Speaking of modern trucks, the LM002 outweighs the Hummer H3T Alpha four-door pickup featured elsewhere in this issue by 1700 pounds despite being almost twenty inches shorter in length. The Lambo and the H3T share more than their four-door-pickup layout, though-they're actually distant cousins. As a direct descendant of the Lamborghini Cheetah, the comedic LM002 is the result of a pretty serious family drama. The Cheetah, presented at the 1977 Geneva auto show, was a prototype off-road military vehicle that used a rear-mounted Chrysler V-8 engine. Its biggest problem, other than an unfortunate tendency to become airborne at high speeds, was that it was suspiciously similar to the FMC XR311-another vehicle under development for military use. FMC threatened Lamborghini with legal action, and work on the Cheetah was stopped. The program for which these vehicles were conceived also produced the HMMWV, which was sold to the public as the H1, which eventually begat the Hummer brand.
A few years after the Cheetah's smoke cleared, Lamborghini recognized a growing interest in military hardware and continued development of the LM, albeit for civilian consumption in the Middle East and elsewhere. The result is the Rambo Lambo, as it's been nicknamed, that you see here. The big, butch LM sold for about $120,000 when it arrived in the U.S. in 1987-about the same price as the Countach that it could easily run over. Even today, the LM002 is expensive, with book values at least twice what a new H3T costs. But times have changed, and while a Hummer is a PR nightmare for all but the most environmentally unconscious, the LM002 remains the ultimate tanklike status symbol. Its hideous fuel consumption, flamboyant excess, and quirky compromises are easily nixed by its Italian heritage, scarcity, and impressive performance. And besides, how can you hate something you can barely describe?

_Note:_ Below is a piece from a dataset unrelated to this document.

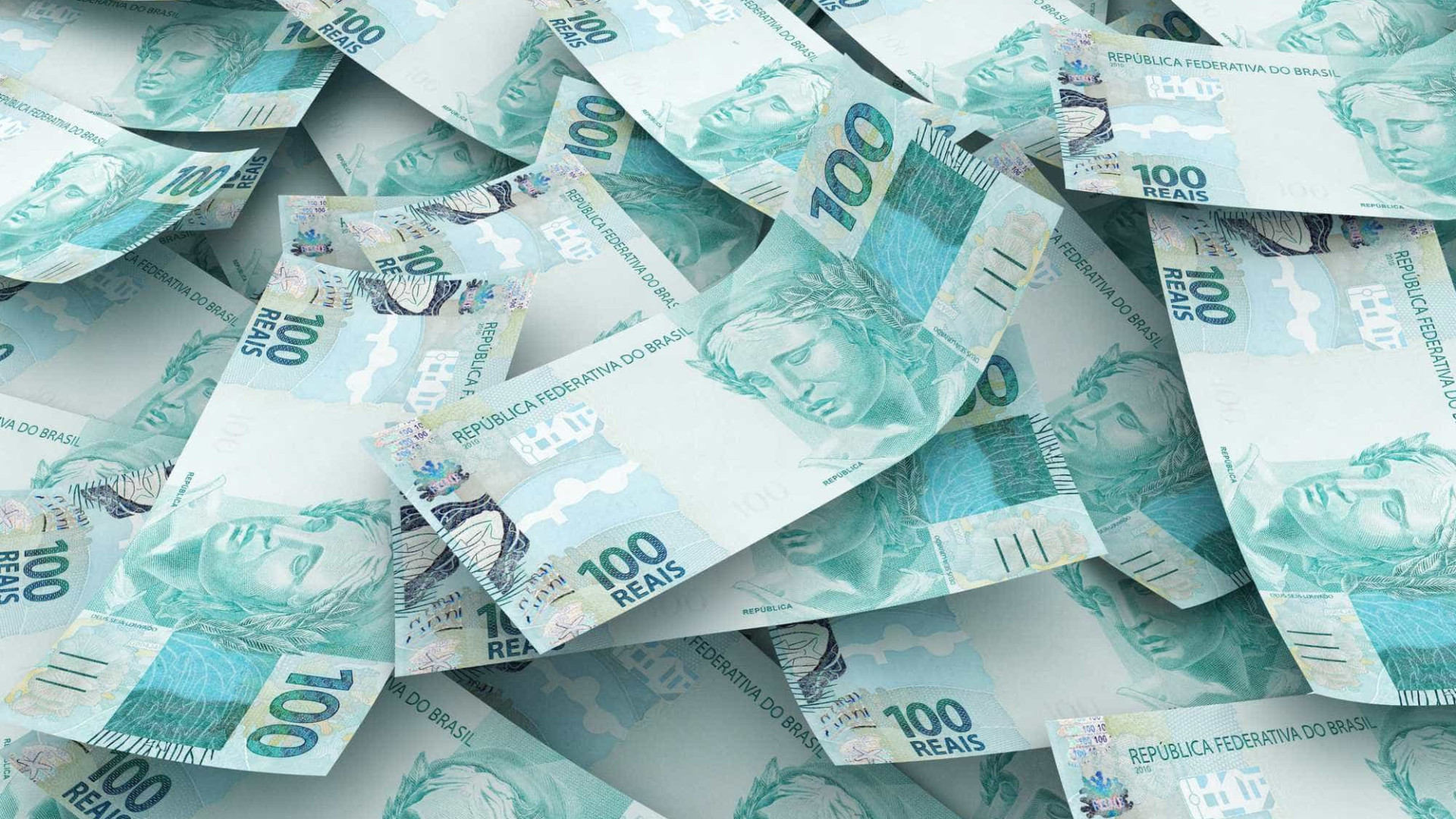 imagem com diversas notas de cem reais espalhadas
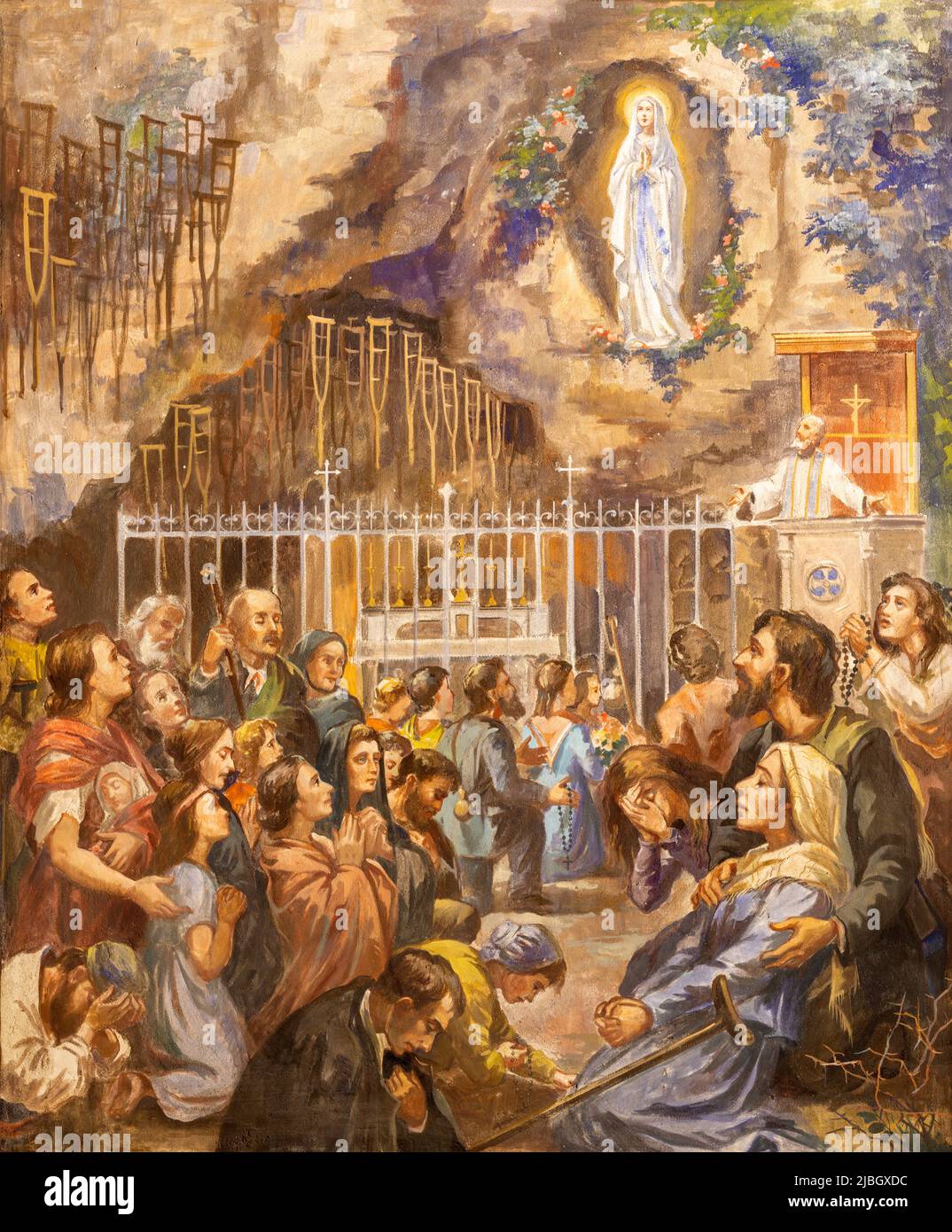 BARI, ITALIE - 3 MARS 2022 : la fresque de prière et de miracles à Lourdes dans l'église Chiesa di San Giuseppe par Umberto Colonna forme 20. Cent. Banque D'Images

Engine: 5.2L DOHC V-12, 455 hp, 368 lb-ft
Transmission: 5-speed manual
Drive: Rear- and 4-wheel
Suspension, front: Control arms, coil springs
Suspension, rear: Control arms, coil springs
Brakes f/r: Dual caliper discs/drums
Weight: 6780 lb
The LM002 is worth owning for the sound track alone-the Countach V-12 screams bloody murder just keeping up with other cars on the road. Or running them over. The Italian precursor to the Hummer is a blast to drive and fantastic to look at-and you'll never see another one in the Whole Foods parking lot.